■ Task prompt ■
Retype all of the data without changing a single word.

[Short web captions]
+ + + +
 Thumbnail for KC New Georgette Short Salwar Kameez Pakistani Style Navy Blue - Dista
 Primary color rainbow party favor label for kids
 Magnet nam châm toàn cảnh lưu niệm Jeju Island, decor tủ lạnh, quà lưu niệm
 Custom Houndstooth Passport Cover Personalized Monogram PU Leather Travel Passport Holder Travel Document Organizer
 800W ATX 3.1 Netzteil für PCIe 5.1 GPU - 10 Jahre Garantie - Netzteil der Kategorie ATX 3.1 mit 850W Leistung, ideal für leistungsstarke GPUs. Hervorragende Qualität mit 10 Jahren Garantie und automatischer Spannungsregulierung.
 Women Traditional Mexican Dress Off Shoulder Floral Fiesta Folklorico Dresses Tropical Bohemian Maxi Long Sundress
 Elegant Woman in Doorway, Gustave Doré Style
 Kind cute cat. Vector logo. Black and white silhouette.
+ + + +
■ Response to the exercise ■
 Thumbnail for KC New Georgette Short Salwar Kameez Pakistani Style Navy Blue - Dista
 Primary color rainbow party favor label for kids
 Magnet nam châm toàn cảnh lưu niệm Jeju Island, decor tủ lạnh, quà lưu niệm
 Custom Houndstooth Passport Cover Personalized Monogram PU Leather Travel Passport Holder Travel Document Organizer
 800W ATX 3.1 Netzteil für PCIe 5.1 GPU - 10 Jahre Garantie - Netzteil der Kategorie ATX 3.1 mit 850W Leistung, ideal für leistungsstarke GPUs. Hervorragende Qualität mit 10 Jahren Garantie und automatischer Spannungsregulierung.
 Women Traditional Mexican Dress Off Shoulder Floral Fiesta Folklorico Dresses Tropical Bohemian Maxi Long Sundress
 Elegant Woman in Doorway, Gustave Doré Style
 Kind cute cat. Vector logo. Black and white silhouette.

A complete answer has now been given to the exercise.